アットホームが全国の18~29歳の学生・社会人を対象に実施した「ユーザー動向調査 UNDER30 2025 賃貸編」によると、住宅市場における若年層の価値観は、設備・立地・安心性のバランスを軸とした実利志向へシフトしていることが分かった。
主な設問を見ると、現在住む物件の平均築年数は学生13.4年、社会人13.0年とほぼ同水準で、築浅志向が突出して強いわけではない。一方、最寄り駅から徒歩10分以内に居住する割合は学生・社会人とも過半を占め、利便性重視の姿勢が明確だ。物件選びの終盤で「重視した条件」として最も多かったのが「2階以上」であり、重視した設備では「バス・トイレ別」が最多だった。
節約意識に関する回答では「食費を抑える」が最も高く、「住宅費の節約」を優先する割合は1割前後にとどまった。住まいより毎日の生活コスト削減を重視するライフスタイルがうかがえる。ただ、防犯意識については特徴的な傾向が見られた。現在の部屋が防犯面で「安心できる」と感じる割合は高いが、実際の防犯対策を講じているのは半数を下回り、意識と行動のギャップが浮き彫りとなった。
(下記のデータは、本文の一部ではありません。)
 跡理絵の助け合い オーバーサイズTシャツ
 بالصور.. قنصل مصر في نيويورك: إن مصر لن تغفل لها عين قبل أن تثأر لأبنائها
次回の物件探しでほしい設備としては「モニタ付インターホン」が学生・社会人とも8割を超え、安心感を求める姿勢が一段と強まっている。物件探しの情報収集では、不動産ポータルサイトの利用が最も多く、学生で6割強、社会人で7割弱が活用していた。
これらの結果から、若年単身層は「利便性・安心・基本設備の快適性」を重視しつつも、住居費の圧縮より日常生活コストの最適化を優先する実態が浮かぶ。同調査は2023年7月以降に賃貸契約を行い、現在一人暮らしをしている若年層1635人を対象に実施したもの。